■ What is required
Go to the line in the entries below that holds "-华凯华美达广场酒店自助餐厅" and repeat exactly from there through the line that holds "MÔ TƠ BƠM NƯỚC", inclusive.

■ Given data

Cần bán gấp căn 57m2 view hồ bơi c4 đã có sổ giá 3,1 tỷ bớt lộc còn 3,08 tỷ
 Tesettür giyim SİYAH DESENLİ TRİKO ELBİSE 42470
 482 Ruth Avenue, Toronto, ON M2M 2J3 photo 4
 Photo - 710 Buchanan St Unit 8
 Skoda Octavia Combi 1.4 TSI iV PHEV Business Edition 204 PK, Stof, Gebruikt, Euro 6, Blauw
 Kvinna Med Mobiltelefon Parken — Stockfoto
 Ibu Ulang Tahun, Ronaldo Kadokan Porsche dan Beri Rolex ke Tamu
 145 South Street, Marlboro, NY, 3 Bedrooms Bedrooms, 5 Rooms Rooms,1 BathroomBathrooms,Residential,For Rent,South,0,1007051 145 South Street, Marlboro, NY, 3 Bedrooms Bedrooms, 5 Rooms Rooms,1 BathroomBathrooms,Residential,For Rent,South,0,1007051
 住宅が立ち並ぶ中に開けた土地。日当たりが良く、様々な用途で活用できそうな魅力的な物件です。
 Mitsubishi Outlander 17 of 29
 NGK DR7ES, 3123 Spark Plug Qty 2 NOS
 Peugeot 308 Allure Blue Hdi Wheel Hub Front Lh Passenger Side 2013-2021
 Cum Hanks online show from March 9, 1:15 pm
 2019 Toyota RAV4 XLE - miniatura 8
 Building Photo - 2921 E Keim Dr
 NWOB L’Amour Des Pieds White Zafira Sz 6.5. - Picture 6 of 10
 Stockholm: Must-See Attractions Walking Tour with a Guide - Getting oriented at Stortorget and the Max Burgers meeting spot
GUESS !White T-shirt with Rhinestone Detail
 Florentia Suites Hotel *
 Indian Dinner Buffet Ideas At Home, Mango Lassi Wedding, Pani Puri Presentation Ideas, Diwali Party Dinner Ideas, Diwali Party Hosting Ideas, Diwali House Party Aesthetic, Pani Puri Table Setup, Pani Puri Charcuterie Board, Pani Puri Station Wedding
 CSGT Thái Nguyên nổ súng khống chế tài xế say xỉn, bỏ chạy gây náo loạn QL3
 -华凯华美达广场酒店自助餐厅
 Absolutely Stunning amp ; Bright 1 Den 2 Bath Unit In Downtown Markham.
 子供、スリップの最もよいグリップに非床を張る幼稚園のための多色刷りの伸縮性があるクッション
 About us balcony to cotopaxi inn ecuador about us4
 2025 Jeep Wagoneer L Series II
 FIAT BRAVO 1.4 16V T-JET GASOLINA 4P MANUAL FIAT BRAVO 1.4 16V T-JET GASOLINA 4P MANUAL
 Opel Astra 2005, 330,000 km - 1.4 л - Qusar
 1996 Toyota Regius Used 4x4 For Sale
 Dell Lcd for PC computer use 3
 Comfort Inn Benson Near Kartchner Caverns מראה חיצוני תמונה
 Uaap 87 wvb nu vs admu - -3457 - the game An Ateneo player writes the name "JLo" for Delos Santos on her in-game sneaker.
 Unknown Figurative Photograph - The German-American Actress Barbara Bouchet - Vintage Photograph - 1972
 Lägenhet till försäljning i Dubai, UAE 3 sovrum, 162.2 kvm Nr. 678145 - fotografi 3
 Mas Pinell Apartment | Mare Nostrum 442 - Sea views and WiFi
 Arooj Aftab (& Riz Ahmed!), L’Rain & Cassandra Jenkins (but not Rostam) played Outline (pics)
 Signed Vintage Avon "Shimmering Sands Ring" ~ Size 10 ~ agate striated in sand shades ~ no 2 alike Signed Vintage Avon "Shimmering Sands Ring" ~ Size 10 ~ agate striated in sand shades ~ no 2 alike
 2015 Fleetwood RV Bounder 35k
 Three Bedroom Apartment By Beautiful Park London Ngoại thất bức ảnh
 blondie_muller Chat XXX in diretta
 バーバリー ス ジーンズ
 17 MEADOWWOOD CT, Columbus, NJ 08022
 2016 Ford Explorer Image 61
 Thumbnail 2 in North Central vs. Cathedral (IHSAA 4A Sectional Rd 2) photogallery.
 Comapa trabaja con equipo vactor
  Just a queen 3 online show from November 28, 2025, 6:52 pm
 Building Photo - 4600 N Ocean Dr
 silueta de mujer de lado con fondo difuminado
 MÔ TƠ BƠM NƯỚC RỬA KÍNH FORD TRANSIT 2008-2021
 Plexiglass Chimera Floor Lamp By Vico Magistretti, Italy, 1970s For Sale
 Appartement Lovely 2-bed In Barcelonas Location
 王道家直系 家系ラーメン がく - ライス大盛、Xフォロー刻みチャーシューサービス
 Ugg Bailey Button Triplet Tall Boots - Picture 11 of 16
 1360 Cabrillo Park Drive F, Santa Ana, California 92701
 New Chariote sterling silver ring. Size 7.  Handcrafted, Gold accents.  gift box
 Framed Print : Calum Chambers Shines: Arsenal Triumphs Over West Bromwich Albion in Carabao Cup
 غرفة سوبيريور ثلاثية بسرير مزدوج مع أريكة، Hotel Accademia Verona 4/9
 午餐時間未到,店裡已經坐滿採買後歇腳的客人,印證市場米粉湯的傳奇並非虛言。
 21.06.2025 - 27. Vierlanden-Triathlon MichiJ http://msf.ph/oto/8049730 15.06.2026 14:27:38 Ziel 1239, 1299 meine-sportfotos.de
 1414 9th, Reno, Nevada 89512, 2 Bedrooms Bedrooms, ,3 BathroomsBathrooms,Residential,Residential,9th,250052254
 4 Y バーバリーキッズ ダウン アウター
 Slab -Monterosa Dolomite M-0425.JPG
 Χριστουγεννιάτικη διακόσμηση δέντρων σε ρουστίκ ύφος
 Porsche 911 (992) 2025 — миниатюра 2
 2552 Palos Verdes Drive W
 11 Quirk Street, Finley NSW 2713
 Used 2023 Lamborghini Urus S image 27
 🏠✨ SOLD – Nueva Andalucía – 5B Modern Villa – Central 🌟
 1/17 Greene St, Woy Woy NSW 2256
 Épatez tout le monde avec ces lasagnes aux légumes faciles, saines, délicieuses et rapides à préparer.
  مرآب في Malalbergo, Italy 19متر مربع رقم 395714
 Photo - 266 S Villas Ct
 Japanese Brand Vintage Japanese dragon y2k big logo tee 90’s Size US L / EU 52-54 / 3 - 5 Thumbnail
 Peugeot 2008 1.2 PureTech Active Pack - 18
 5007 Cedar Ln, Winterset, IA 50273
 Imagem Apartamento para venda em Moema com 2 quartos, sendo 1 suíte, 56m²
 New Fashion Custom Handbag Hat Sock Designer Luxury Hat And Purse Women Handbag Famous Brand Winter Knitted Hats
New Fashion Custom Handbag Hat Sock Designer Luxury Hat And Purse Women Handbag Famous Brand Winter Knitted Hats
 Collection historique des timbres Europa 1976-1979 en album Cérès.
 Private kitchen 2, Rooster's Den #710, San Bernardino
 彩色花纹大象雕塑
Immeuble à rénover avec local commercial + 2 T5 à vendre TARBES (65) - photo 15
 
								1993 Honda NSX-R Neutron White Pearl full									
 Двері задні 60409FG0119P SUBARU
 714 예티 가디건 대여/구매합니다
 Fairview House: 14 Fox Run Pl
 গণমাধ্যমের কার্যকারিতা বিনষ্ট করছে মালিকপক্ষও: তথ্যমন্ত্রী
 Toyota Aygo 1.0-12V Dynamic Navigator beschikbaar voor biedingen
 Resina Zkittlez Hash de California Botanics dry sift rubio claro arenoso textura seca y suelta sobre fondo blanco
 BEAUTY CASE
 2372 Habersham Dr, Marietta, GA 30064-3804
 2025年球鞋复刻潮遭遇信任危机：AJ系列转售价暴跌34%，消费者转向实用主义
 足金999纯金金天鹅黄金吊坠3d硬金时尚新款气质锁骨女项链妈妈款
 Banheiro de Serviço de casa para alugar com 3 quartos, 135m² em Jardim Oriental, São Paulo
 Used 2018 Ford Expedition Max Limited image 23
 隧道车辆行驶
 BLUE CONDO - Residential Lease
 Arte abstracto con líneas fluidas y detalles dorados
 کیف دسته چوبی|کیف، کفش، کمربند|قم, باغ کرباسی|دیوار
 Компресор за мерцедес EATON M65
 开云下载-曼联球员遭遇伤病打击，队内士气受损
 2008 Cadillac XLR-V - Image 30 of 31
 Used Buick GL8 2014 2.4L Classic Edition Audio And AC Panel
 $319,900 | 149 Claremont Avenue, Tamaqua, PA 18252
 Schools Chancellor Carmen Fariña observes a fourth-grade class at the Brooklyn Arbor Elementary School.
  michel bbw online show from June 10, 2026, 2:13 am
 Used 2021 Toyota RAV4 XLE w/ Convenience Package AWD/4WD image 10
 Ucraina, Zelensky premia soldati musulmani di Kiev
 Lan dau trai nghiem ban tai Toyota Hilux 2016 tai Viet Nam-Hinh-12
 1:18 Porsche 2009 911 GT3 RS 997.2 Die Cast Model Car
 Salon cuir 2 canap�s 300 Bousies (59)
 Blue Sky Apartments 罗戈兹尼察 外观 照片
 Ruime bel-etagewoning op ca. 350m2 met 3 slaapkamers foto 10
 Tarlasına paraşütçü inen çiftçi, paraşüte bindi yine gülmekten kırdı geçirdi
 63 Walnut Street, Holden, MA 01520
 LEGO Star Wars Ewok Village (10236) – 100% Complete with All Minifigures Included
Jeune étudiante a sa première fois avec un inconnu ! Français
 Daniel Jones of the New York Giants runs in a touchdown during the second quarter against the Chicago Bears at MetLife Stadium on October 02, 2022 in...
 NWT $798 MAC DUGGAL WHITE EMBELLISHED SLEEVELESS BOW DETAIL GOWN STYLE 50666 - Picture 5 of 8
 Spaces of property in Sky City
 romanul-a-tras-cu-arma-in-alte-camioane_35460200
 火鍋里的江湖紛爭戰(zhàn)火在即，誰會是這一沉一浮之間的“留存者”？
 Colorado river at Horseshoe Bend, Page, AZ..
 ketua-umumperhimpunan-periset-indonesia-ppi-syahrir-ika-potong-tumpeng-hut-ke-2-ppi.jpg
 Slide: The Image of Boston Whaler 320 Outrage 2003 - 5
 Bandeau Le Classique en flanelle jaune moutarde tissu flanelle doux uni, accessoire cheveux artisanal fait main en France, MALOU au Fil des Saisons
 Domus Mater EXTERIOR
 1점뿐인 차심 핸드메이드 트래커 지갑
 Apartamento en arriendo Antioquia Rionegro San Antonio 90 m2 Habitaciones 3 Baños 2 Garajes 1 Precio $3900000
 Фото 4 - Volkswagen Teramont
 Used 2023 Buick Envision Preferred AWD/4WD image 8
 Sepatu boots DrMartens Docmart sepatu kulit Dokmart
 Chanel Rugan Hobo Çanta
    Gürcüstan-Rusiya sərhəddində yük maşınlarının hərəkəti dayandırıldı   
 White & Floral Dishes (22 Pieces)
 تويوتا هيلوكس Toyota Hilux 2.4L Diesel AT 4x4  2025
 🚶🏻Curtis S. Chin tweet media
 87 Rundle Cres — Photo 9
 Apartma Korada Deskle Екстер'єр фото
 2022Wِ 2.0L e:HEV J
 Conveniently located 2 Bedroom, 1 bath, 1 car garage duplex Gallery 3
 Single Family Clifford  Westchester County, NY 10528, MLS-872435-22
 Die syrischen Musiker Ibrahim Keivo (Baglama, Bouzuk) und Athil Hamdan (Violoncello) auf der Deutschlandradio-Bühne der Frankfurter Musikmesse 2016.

■ Task response
 -华凯华美达广场酒店自助餐厅
 Absolutely Stunning amp ; Bright 1 Den 2 Bath Unit In Downtown Markham.
 子供、スリップの最もよいグリップに非床を張る幼稚園のための多色刷りの伸縮性があるクッション
 About us balcony to cotopaxi inn ecuador about us4
 2025 Jeep Wagoneer L Series II
 FIAT BRAVO 1.4 16V T-JET GASOLINA 4P MANUAL FIAT BRAVO 1.4 16V T-JET GASOLINA 4P MANUAL
 Opel Astra 2005, 330,000 km - 1.4 л - Qusar
 1996 Toyota Regius Used 4x4 For Sale
 Dell Lcd for PC computer use 3
 Comfort Inn Benson Near Kartchner Caverns מראה חיצוני תמונה
 Uaap 87 wvb nu vs admu - -3457 - the game An Ateneo player writes the name "JLo" for Delos Santos on her in-game sneaker.
 Unknown Figurative Photograph - The German-American Actress Barbara Bouchet - Vintage Photograph - 1972
 Lägenhet till försäljning i Dubai, UAE 3 sovrum, 162.2 kvm Nr. 678145 - fotografi 3
 Mas Pinell Apartment | Mare Nostrum 442 - Sea views and WiFi
 Arooj Aftab (& Riz Ahmed!), L’Rain & Cassandra Jenkins (but not Rostam) played Outline (pics)
 Signed Vintage Avon "Shimmering Sands Ring" ~ Size 10 ~ agate striated in sand shades ~ no 2 alike Signed Vintage Avon "Shimmering Sands Ring" ~ Size 10 ~ agate striated in sand shades ~ no 2 alike
 2015 Fleetwood RV Bounder 35k
 Three Bedroom Apartment By Beautiful Park London Ngoại thất bức ảnh
 blondie_muller Chat XXX in diretta
 バーバリー ス ジーンズ
 17 MEADOWWOOD CT, Columbus, NJ 08022
 2016 Ford Explorer Image 61
 Thumbnail 2 in North Central vs. Cathedral (IHSAA 4A Sectional Rd 2) photogallery.
 Comapa trabaja con equipo vactor
  Just a queen 3 online show from November 28, 2025, 6:52 pm
 Building Photo - 4600 N Ocean Dr
 silueta de mujer de lado con fondo difuminado
 MÔ TƠ BƠM NƯỚC RỬA KÍNH FORD TRANSIT 2008-2021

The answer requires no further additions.